Why platform-native?

Traditional socket networking is not “hard”, strictly speaking. Opening a socket is not that hard, name resolution is usually (…usually) not that complicated, etc. But there’s a lot of edge cases that are complicated – take proxies for example, or DNS-over-HTTPS, or Happy Eyeballs for IPv6. Building from sockets up, most people ignore implementing this extra functionality; to be fair, it is probably not super important for a game, but if we can leverage the platform’s built-in functionality, we get all that for free, so our game can work in more obscure environments where other games may fall flat.

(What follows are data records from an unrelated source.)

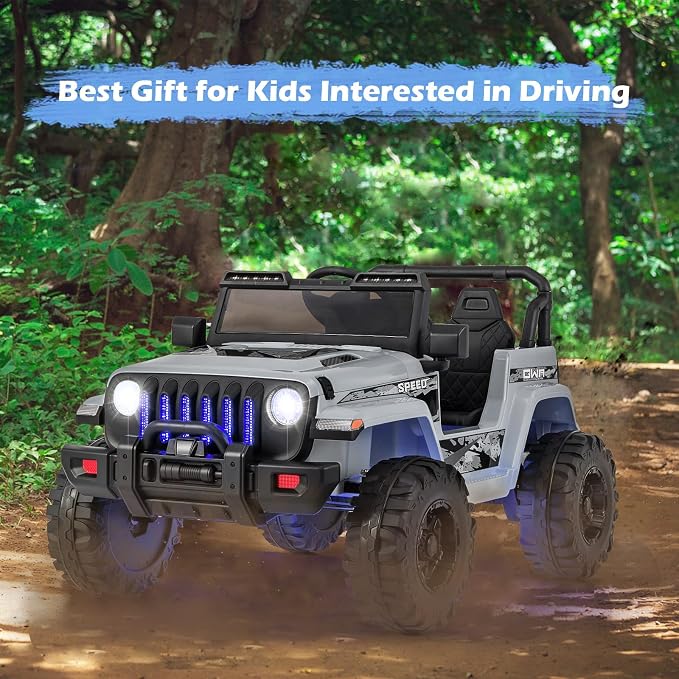 INFANS Ride on Truck Car, 12V Battery Powered Electric Vehicles with Parents Remote Control, 3 Speeds, Bluetooth Music Radio, LED Lights, Soft Start, 4 Wheels for Boys Girls Kids Toddler (Gray)
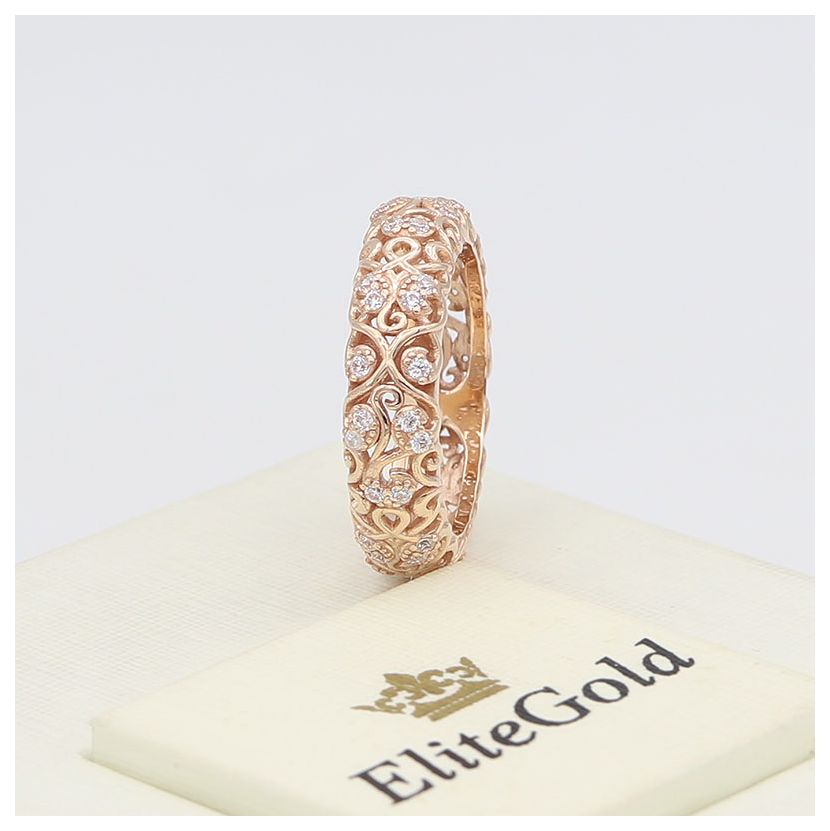 кольцо женское ажурное в красном золоте с бриллиантами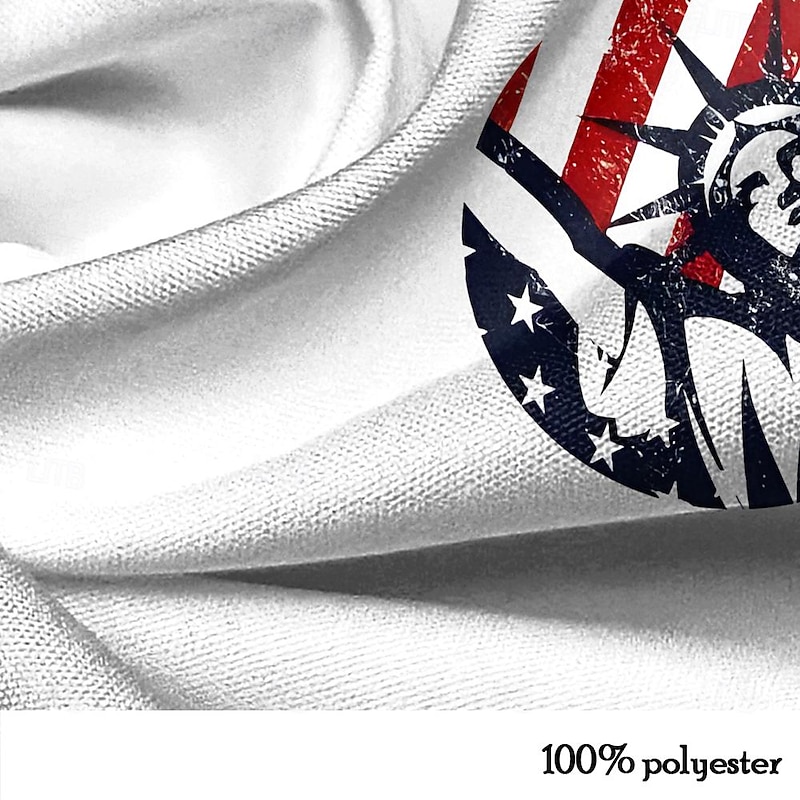 Men's American / USA Statue Of Liberty National Flag Button Up Shirt Short Sleeve Resort Style Outdoor Casual Holiday Summer Turndown Pocket Buttons White3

The TLS layer is where things get really hairy. There’s a lot that can go wrong in a TLS implementation, and they should be kept up to date regularly. As games are artifacts that are often built once and seldom updated after that, it’s best not to bundle a TLS library and rather use one that’s already on the system that can be separately updated. Aside from the update problem, dealing with certificate trust is also hairy: Some libraries ship their own roots, ignoring system roots, for example, which both (a) is not future-proof (the roots you ship will eventually expire), and (b) fails in oddball network scenarios (like a network administrator adding TLS interception, which is probably a bad idea but that’s not always in the user’s control).

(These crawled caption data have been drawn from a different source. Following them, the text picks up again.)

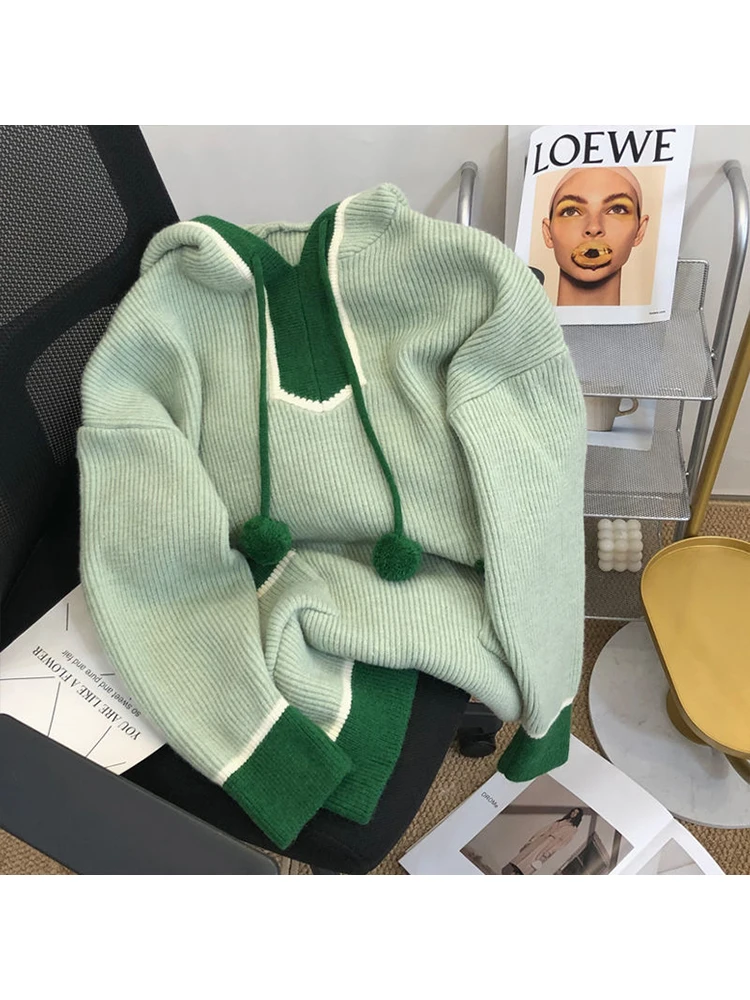 

Свитер-худи для женщин, модные простые свободные Теплые трикотажные пуловеры в Корейском стиле с длинным рукавом, весна 2023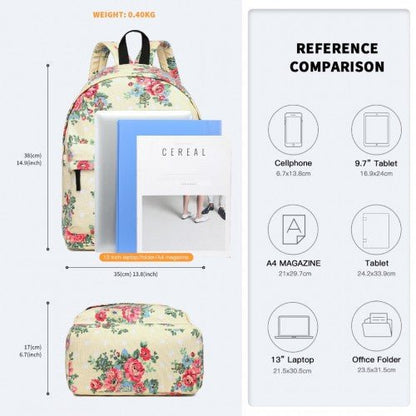 E1401F - Miss Lulu Large Backpack Flower Polka Dot - Beige - Easy Luggage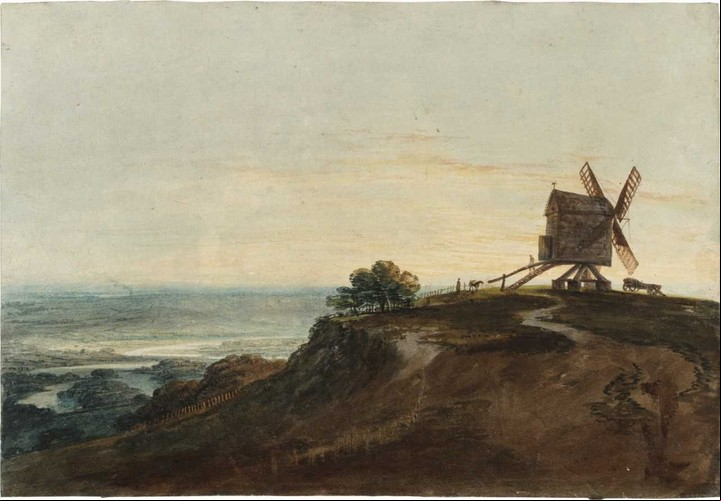 William Turner. Molino en la colina sobre un vasto paisaje con río sinuoso, 1794-1795. Grafito y acuarela sobre papel. / Gentileza Tate Gallery Londres.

For the WebSocket protocol itself, built upon a platform-native TLS layer, there is not that much to be concerned about, but if you are also using general HTTP functionality, it would really be best if the same code was used for both HTTP and WebSocket, and you really don’t want to implement HTTP yourself.

So I seek a platform-native implementation of WebSocket, that requires minimal intervention at lower layers.

Windows

WinINet is the standard platform interface to HTTP in Windows, but it doesn’t support WebSocket. However, there is a newer API, WinHTTP, which supports WebSocket on Windows 8 and up.

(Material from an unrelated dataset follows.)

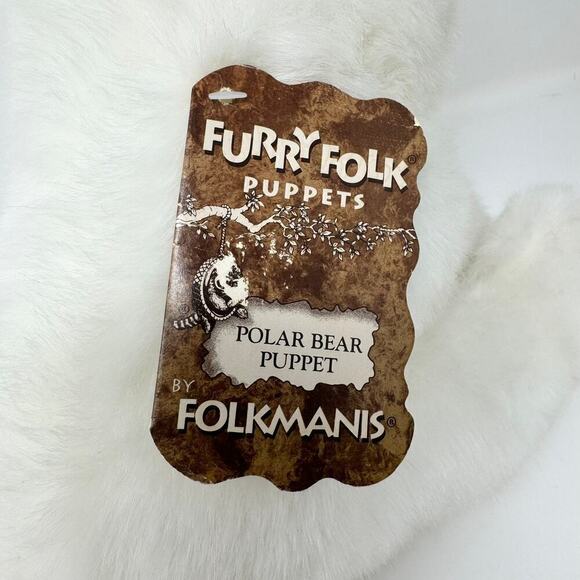 Folkmanis Furry Folk Puppets Polar Bear Realistic Lifelike Plush Stuffed Animal - Picture 5 of 12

The general approach of using WinHTTP for WebSocket is:

  • Open a WinHTTP session handle with WinHttpOpen.
  • Use WinHttpCrackUrl to crack a URL string into pieces.
  • Use WinHttpConnect to connect to the server.
  • Use WinHttpOpenRequest on the connection handle to start a request.
  • Use WinHttpSetOption to set the WINHTTP_OPTION_UPGRADE_TO_WEB_SOCKET option.
  • Send the request with WinHttpSendRequest.
  • Receive a preliminary response with WinHttpReceiveResponse.
  • Use WinHttpQueryHeaders with WINHTTP_QUERY_STATUS_CODE to get the status code, and check that the status code returned was 101 (HTTP_STATUS_SWITCH_PROTOCOLS, “Switching Protocols”).
  • Call WinHttpWebSocketCompleteUpgrade to finish the protocol switch.
  • Use WinHttpWebSocketSend and WinHttpWebSocketReceive to exchange data.
  • Use WinHttpWebSocketShutdown to close the write end without closing the read end, or WinHttpWebSocketClose to shut down both.
  • Use WinHttpCloseHandle to close the WebSocket handle, request handle, connection handle, and session handle.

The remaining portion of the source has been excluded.